In this case, I didn’t mind. Frankly, the fragrance was a nice one. But the idea that though she had moved on I could still smell where she had been arrested my attention. I thought of the following words penned by the Apostle Paul:

But thanks be to God, who always leads us in triumphal procession in Christ and through us spreads everywhere the fragrance of the knowledge of him. For we are to God the aroma of Christ among those who are being saved and those who are perishing. To the one we are the smell of death; to the other, the fragrance of life. And who is equal to such a task? (2 Corinthians 2:14-16)

At the risk of greatly oversimplifying what Paul was doing in this passage, I want to point out how that he speaks here of Christians bearing the “aroma of Christ” and of spreading everywhere the “fragrance of the knowledge of him.” It makes me wonder: When I’m in someone’s presence, what kind of aroma, spiritually speaking, am I giving off? To what degree am I redolent of a wise, courageous, compassionate Jesus? Do my words and actions remind people of Christ, or is it just me they see? And, after I’m gone, what kind of spiritual aroma, if any, lingers?

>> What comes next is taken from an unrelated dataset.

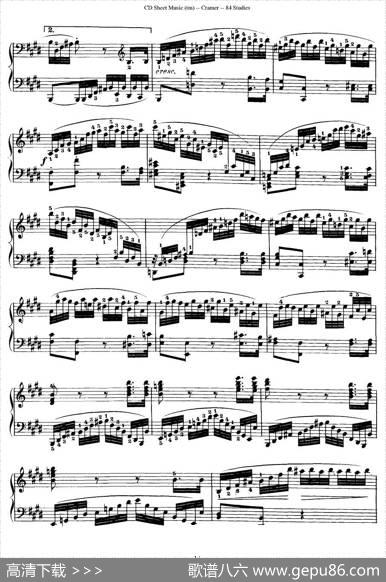 Cramer-84exercices（66—70）（克拉莫84首钢琴练习曲）|Cramer（克拉莫）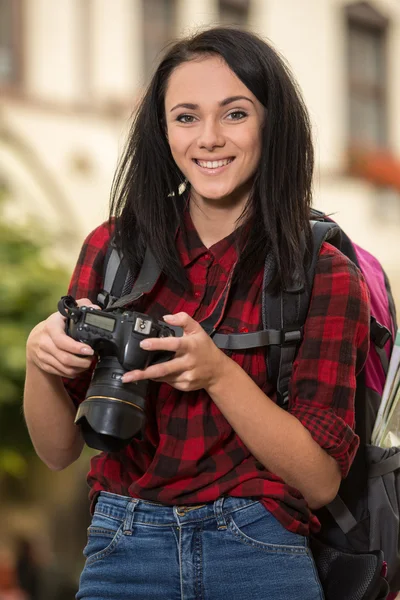 Tourists — Stock Photo, Image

Is it the smell of death, or the fragrance of life?

Common wisdom says that most people who wear perfume or cologne tend to overdo do it. But when it comes to bearing the aroma of Christ can this ever really be the case? Can we ever do too good a job of spreading everywhere the knowledge of him? I don’t think so.

Oh, and by the way, I suspect that the only real way to put on Christ’s brand, is to spend time with him. Which begs the question: Did we spritz today?

Something to think about.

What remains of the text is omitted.